- **What you have to do**
Make an exact copy, from the records below, of the lines from the line containing "Nebraska Cornhuskers 8pk" to the line containing "UGG Shearling Platform", both lines included, excluding pictures.

- **Input**
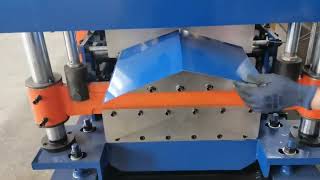 Double layer ridge cap rollformer for sale roofing trim roll forming machine hemming rollformer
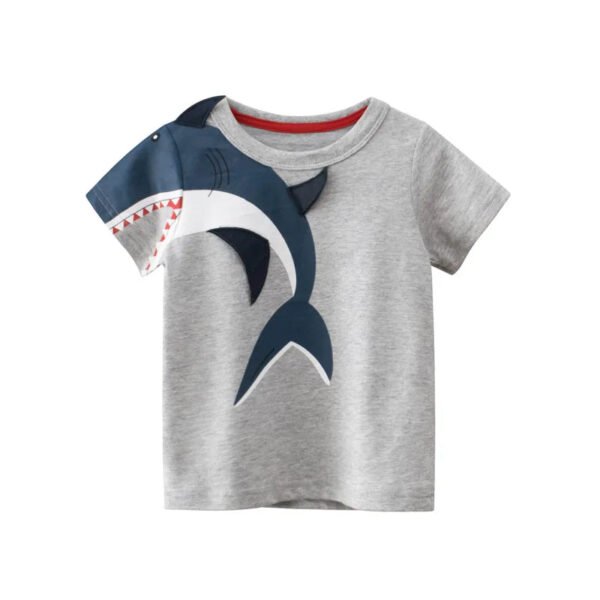 Children Short Sleeve T-shirts Korean Version Kids Clothing Boy Baby Cotton Tees 2-9 Years Summer Cartoon Tops - Image 16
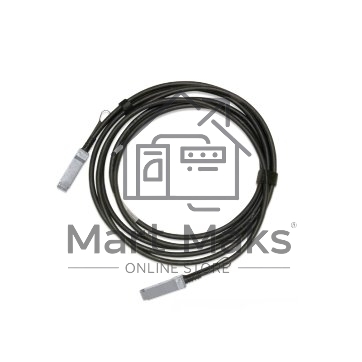 Кабель медный пассивный, QSFP+ Mellanox® Passive Copper cable, IB EDR, up to 100Gb/s, QSFP28, 1.5m, Black, 30AWG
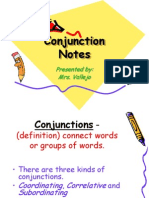 Conjunction Notes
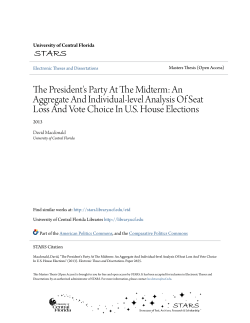 The President`s Party At The Midterm: An Aggregate And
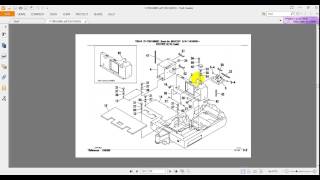 TAKEUCHI EXCAVATOR TB016 Parts Manual 4 [upl. by Anuahsal]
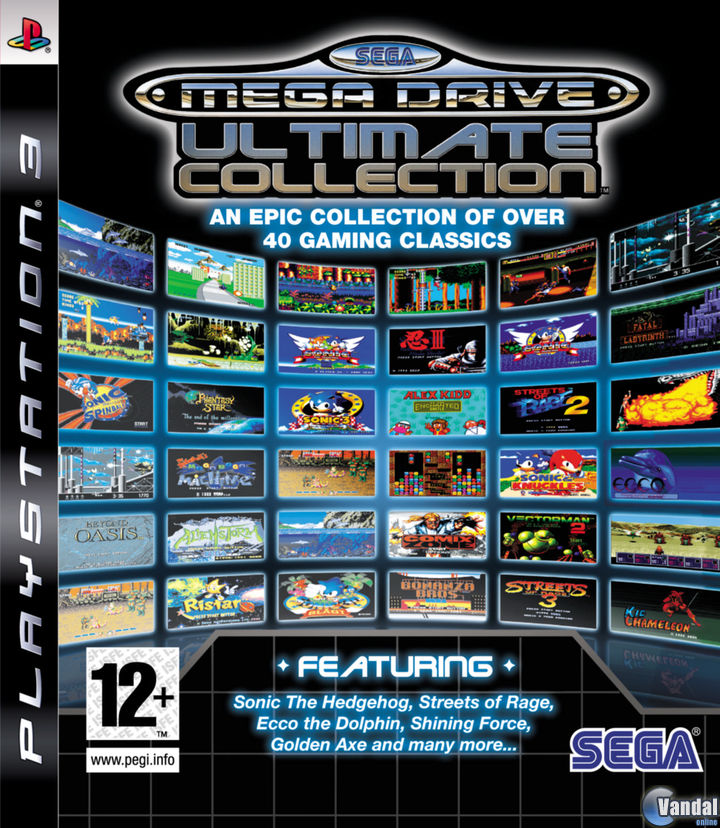 León Mediante Inhibir SEGA Mega Drive Ultimate Collection - Videojuego (PS3 y Xbox 360) - Vandal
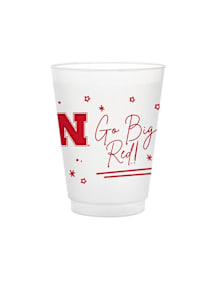 Nebraska Cornhuskers 8pk Flex Party Reusable Disposable Cups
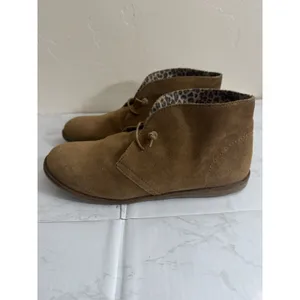 Lucky‎ Brand Asher Suede Lace Up Ankle Bootie Sz 7.5M thumbnail 2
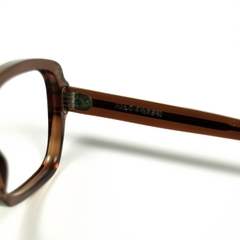 80s U.S. Military Issue Glasses Square Frame - Brown [50-24]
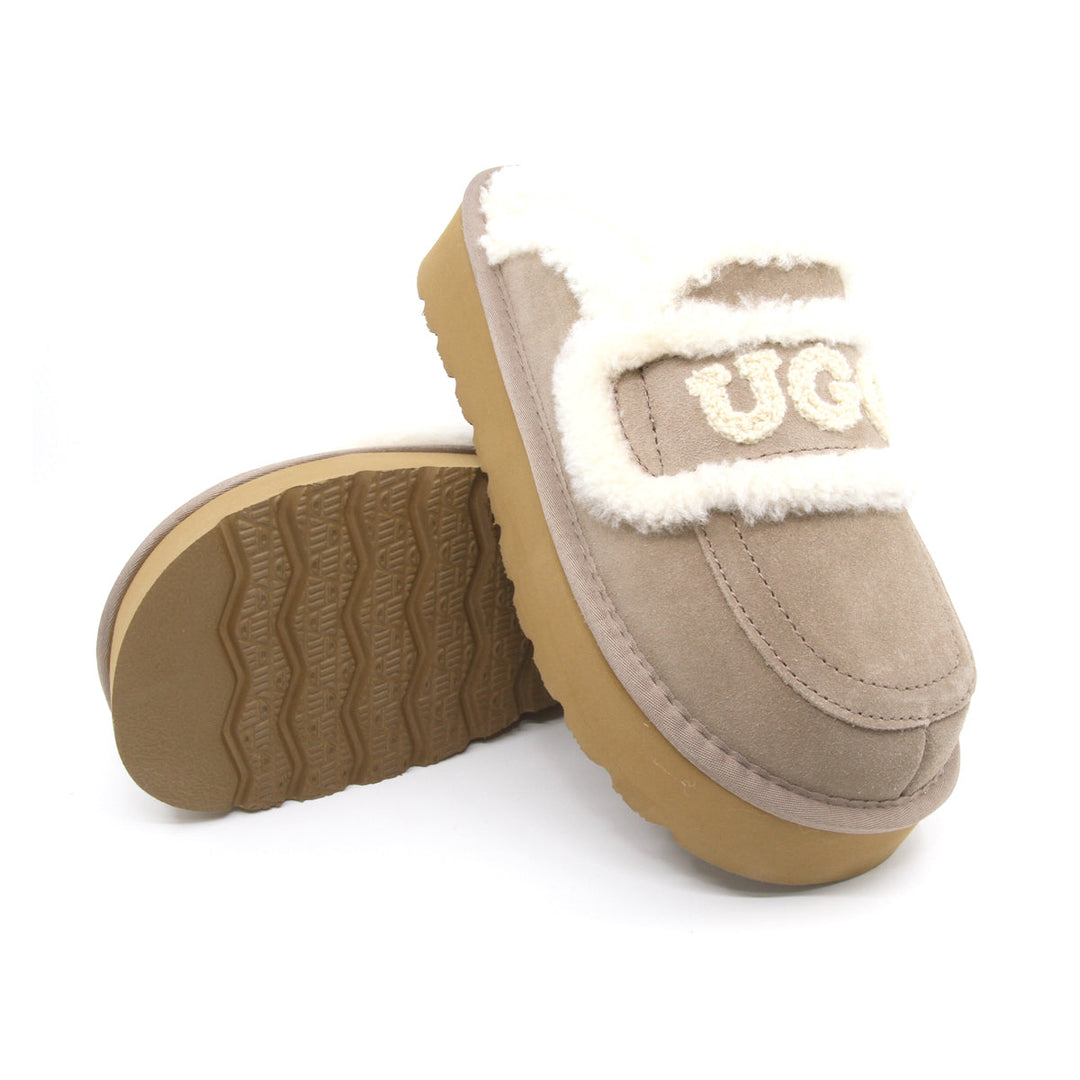 UGG Shearling Platform Slippers - UGG Direct Online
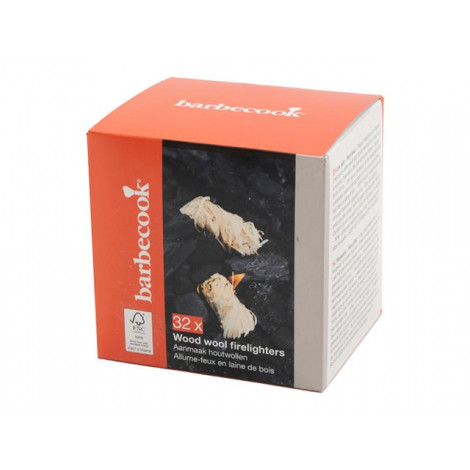 Barbecook | Wood wool firelighters 32 pieces FSC (per 12pcs) | BC-ACC-7426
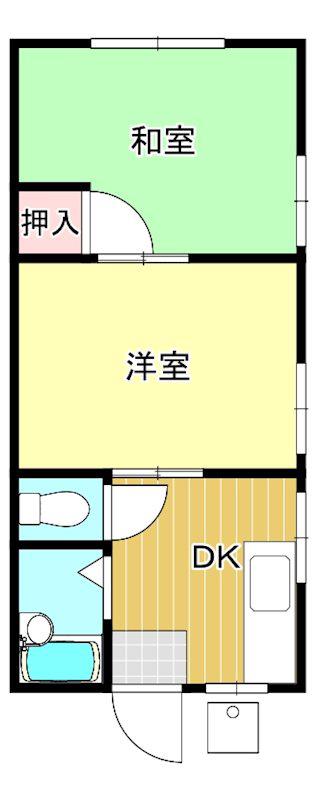 ハイツ今森(2DK/1階)の間取り写真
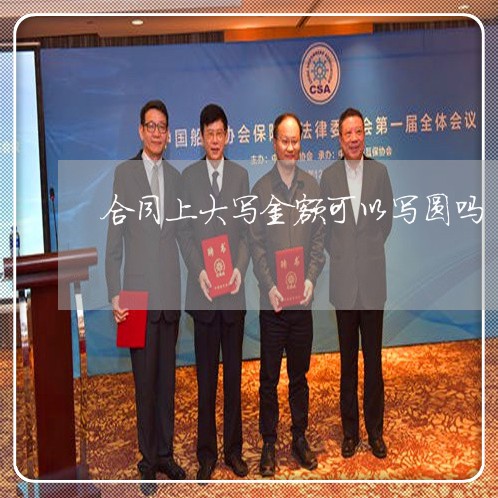 合同上大写金额可以写圆吗/2023042349179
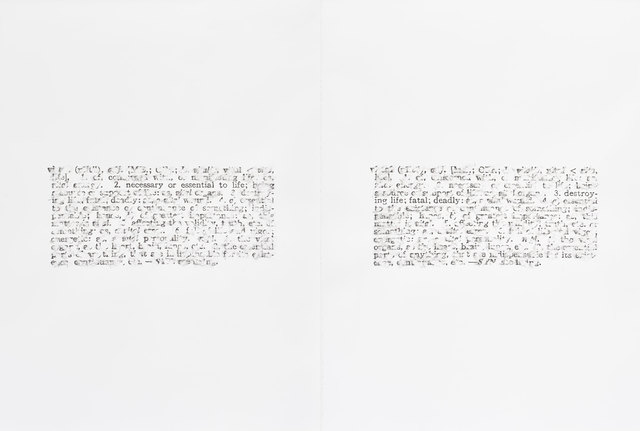 Bethany Collins, ‘Vital, 1968’, 2015, Goodman Gallery
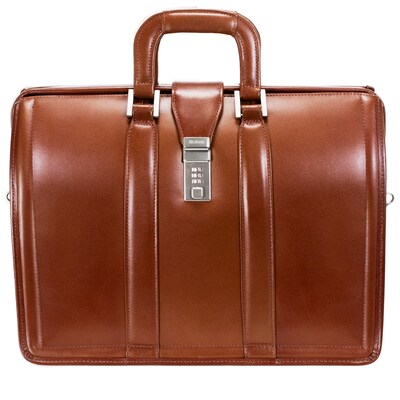 McKlein V Series Laptop Briefcase, Brown Leather (83344)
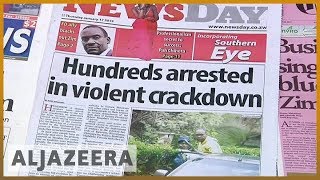 🇿🇼 Zimbabwe accused of violent crackdown on protests l Al Jazeera English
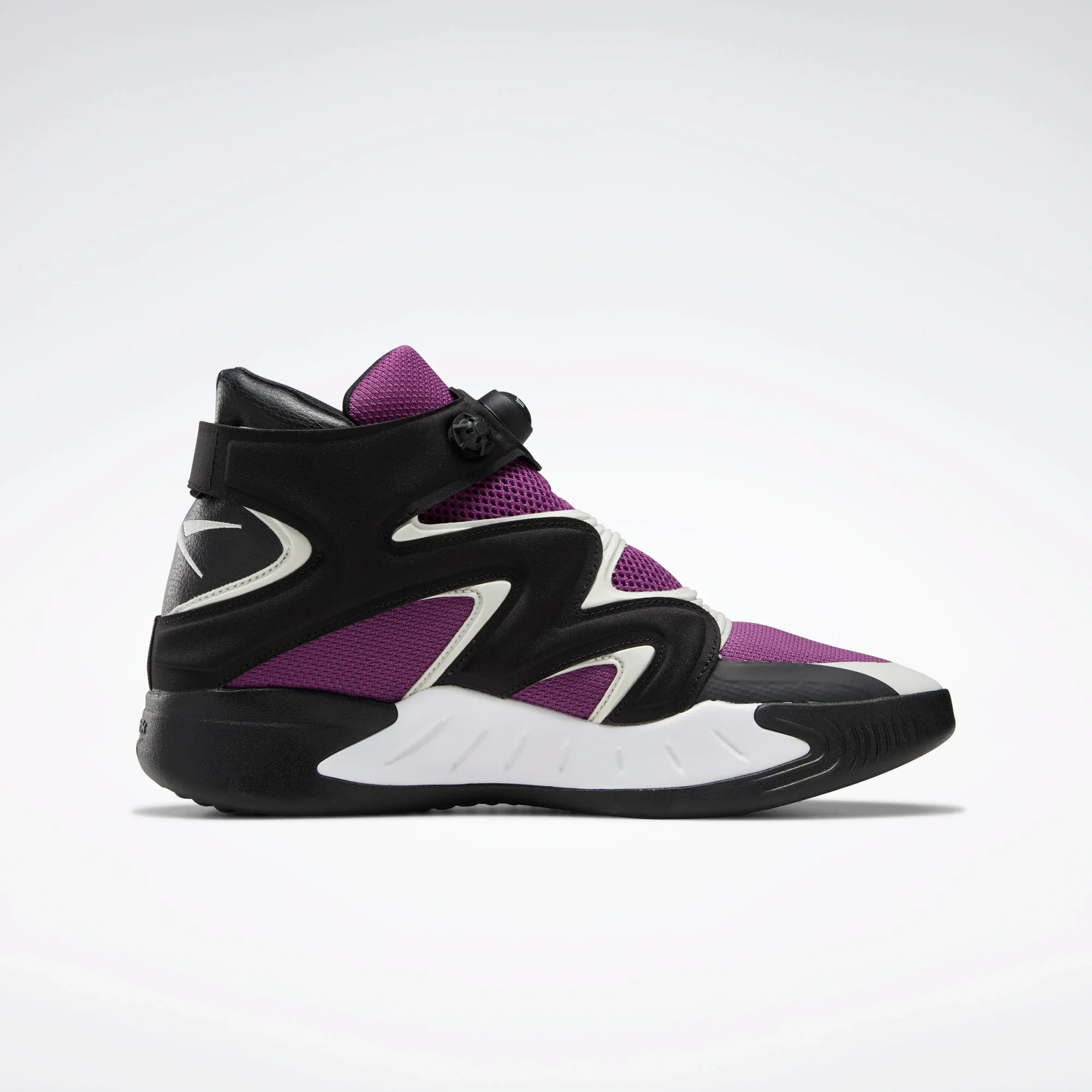 Reebok Men's Instapump Fury Zone Shoes - Aubergine / Pure Grey 1 / Core Black - Image 3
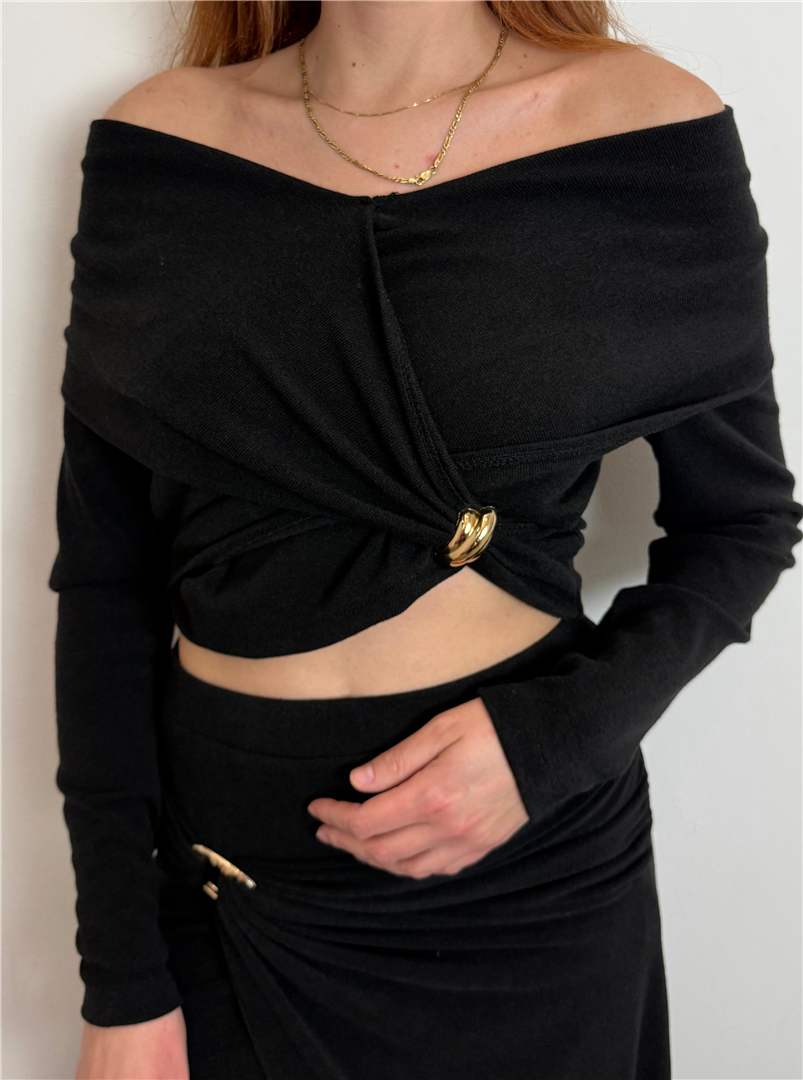 Maglia Crop Shiffer E Accessorio - Philia Loft cod. D01E0941 main:sha1=d33ce7619e08b23ac5258b7943a55a751c3eed42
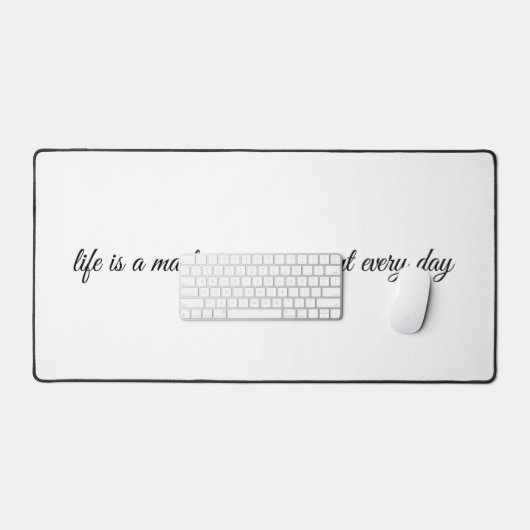 Een meesterwerk bureau mat (Keyboard & Muis)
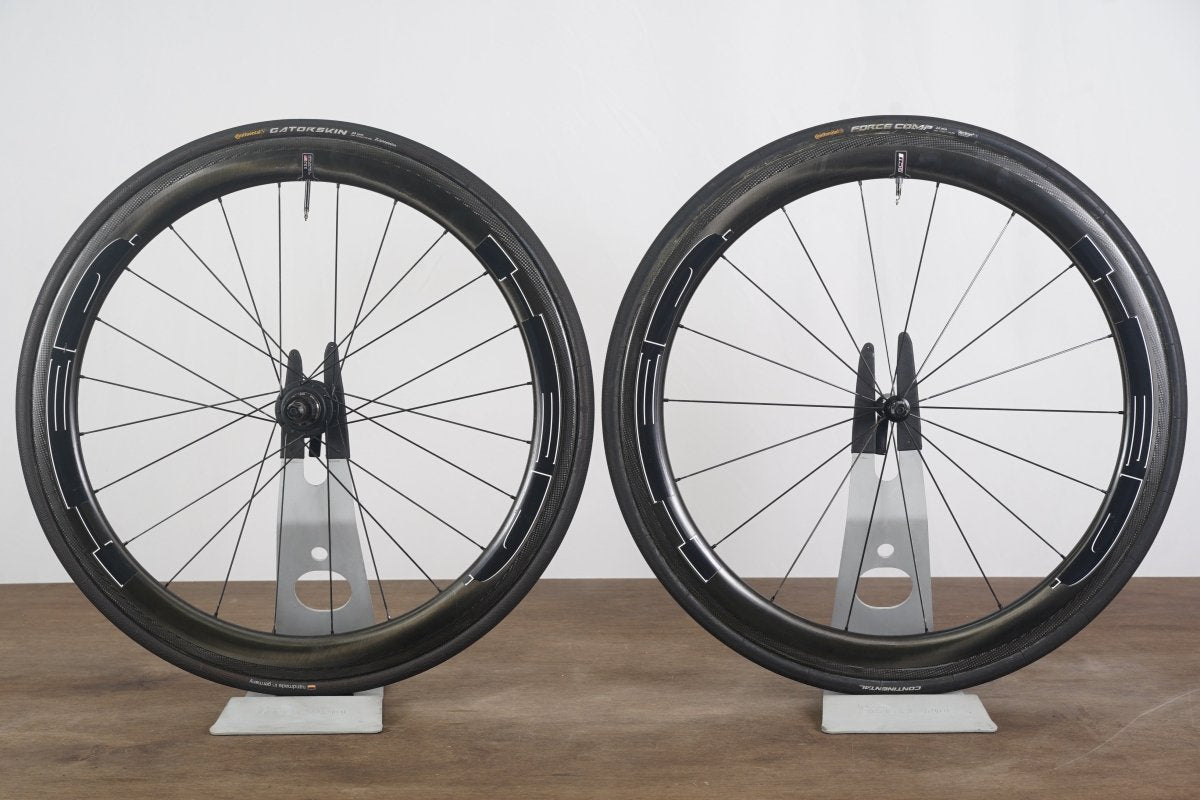 HED Jet 5 SCT CycleOps G3 Carbon Tubular Rim Brake Road Wheelset 11 Speed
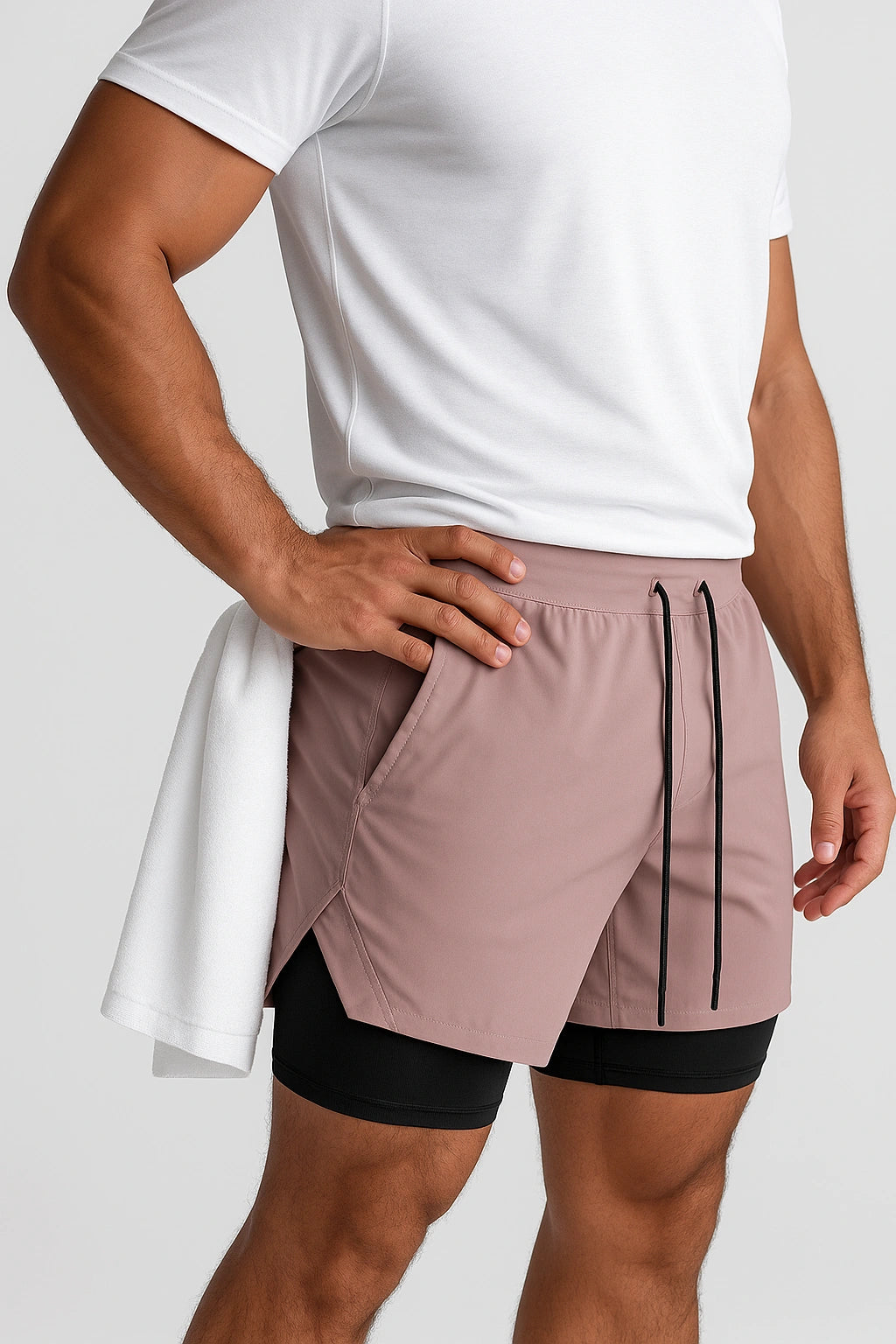 Short Esportivo Masculino de Academia Minimalista - Just Run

- **Response to the task**
 Nebraska Cornhuskers 8pk Flex Party Reusable Disposable Cups
 Lucky‎ Brand Asher Suede Lace Up Ankle Bootie Sz 7.5M thumbnail 2
 80s U.S. Military Issue Glasses Square Frame - Brown [50-24]
 UGG Shearling Platform Slippers - UGG Direct Online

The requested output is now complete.